How to complete this task: Leave the pictures out and repeat the rest of the data below exactly.

Material provided:
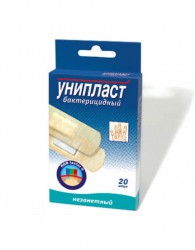 Лейкопластырь бактерицидный Унипласт незаметный р. 1.9смx7.2см 20 шт.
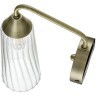 6584/1W MODERNI LN24 бронза/прозрачный, металл/стекло Бра E14 1*40W 220V DOLIANA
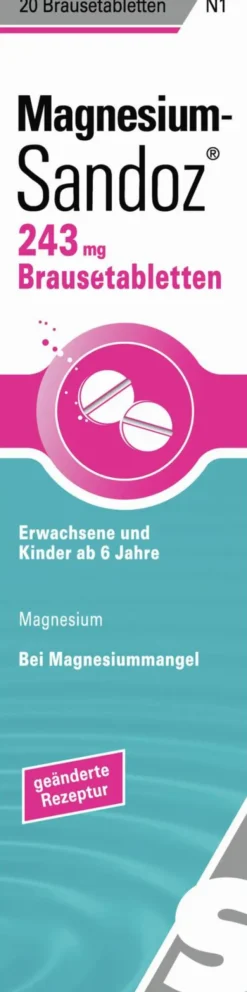 Magnesium Sandoz 243 mg 20 Brausetabletten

Written solution:
 Лейкопластырь бактерицидный Унипласт незаметный р. 1.9смx7.2см 20 шт.
 6584/1W MODERNI LN24 бронза/прозрачный, металл/стекло Бра E14 1*40W 220V DOLIANA
 Magnesium Sandoz 243 mg 20 Brausetabletten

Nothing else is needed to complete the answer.